Last modified: 2014-08-14 20:48:15 UTC
They used to show up in gdash when you ticked the "Show Code Deploys" checkbox. adding "&target=drawAsInfinite(deploy.any)" to the graphite urls doesn't work :/
See also https://rt.wikimedia.org/Ticket/Display.html?id=6970
Change 119339 had a related patch set uploaded by BryanDavis: Fix MW_STATSD_PORT to point to correct listener https://gerrit.wikimedia.org/r/119339
Change 119340 had a related patch set uploaded by BryanDavis: Fix statsd_port value https://gerrit.wikimedia.org/r/119340
After these patches land and we get some data in graphite again I think we'll need to look at the gdash configuration and update the metric names that it uses to identify deployments as well. deploy2graphite and scap send different metrics to graphite.
Change 119340 merged by jenkins-bot: Fix statsd_port value https://gerrit.wikimedia.org/r/119340
Change 119339 merged by Ori.livneh: Fix MW_STATSD_PORT to point to correct listener https://gerrit.wikimedia.org/r/119339
See https://gerrit.wikimedia.org/r/#/c/111409/ for the change from carbon to statsd that should have been accompanied by a change to the gdash configuration and port number as well.
When we figure out what all the new deploy metrics are they should be added to templates/gdash/deploy_addon.erb in oeprations/puppet.git to fix the marks added.
There is some additional problem with the current gdash configuration. When the "Show Code Deploys" checkbox is active, something is causing the generated graphite URLs to contain an extraordinary number of superfluous ampersands. In one URL I just examined there are 4188 extra ampersands inserted between the deployment metric stanzas and the remainder of the graph description. When these ampersands are removed from the graphite URL the graph renders (albeit with no deploy markers).

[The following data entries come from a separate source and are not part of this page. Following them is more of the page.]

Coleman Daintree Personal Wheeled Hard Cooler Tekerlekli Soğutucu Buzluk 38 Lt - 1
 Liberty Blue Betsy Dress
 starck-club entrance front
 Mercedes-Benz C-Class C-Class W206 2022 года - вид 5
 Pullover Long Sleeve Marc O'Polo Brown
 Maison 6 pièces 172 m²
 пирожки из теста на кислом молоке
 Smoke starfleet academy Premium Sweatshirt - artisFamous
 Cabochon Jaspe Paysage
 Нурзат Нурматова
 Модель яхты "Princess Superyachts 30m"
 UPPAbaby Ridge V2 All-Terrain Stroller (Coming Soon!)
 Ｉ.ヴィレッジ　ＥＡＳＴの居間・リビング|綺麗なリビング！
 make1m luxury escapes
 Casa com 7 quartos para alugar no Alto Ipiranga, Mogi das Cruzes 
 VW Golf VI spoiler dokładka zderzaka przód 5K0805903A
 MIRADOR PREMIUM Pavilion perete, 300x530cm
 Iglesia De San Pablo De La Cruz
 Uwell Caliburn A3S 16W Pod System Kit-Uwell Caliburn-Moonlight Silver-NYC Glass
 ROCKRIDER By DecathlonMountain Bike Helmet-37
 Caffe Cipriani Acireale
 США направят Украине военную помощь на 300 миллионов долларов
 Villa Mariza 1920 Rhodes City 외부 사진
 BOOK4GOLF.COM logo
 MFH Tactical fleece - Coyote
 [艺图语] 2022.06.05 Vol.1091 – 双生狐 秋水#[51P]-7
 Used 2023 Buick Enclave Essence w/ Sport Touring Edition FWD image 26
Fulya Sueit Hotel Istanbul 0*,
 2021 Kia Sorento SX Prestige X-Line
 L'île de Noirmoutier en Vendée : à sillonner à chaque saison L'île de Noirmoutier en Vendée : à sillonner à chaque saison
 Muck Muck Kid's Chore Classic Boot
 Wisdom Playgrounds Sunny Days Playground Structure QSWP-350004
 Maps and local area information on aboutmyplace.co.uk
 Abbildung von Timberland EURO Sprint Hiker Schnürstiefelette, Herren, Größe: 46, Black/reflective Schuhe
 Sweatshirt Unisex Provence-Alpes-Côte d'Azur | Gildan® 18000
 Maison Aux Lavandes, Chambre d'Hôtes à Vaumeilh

For what it's worth, I was seeing graphite urls like that (tons of &s) on Friday the 14th.
The configuration changes now have data being recorded in graphite for scap runs again, but there are three remaining issues: 1) The metric names have changed. The gdash configuration is looking to add the metrics "deploy.sync-common-file", "deploy.sync-common-all" and "deploy.scap" to the graph. With the change from direct carbon communication to statsd and the changes to scap code, these metric names have changed. "scap.scap.count" should be the equivalent of the old "deploy.scap" metric. 2) In theory the metrics for "deploy.sync-common-file" and "deploy.sync-common-all" should just need a ".count" added to them, but I'm not currently seeing metrics with those names in graphite at all. 3) The txstatsd recorded stats for "scap.scap.count" don't look right at all. I would expect graphite to be recording the aggregate sum of the "scap.scap:1|c" calls seen in the last minute which would typically be 0 and occasionally be 1 (or possibly 2 with aborted scaps). Instead it seems to be recording a value of 1.0 every minute with occasional values of 5.0 that are not correlated with other scap logging output. [0] [0]: https://graphite.wikimedia.org/render?from=23%3A00_20140331&until=00%3A00_20140401&target=scap.scap.count&format=json
Assigning to Ori in the hope that he can find some time to look into the txstatsd behavior and the missing metrics. Once those issues are fixed it should be pretty easy to correct the gdash configuration.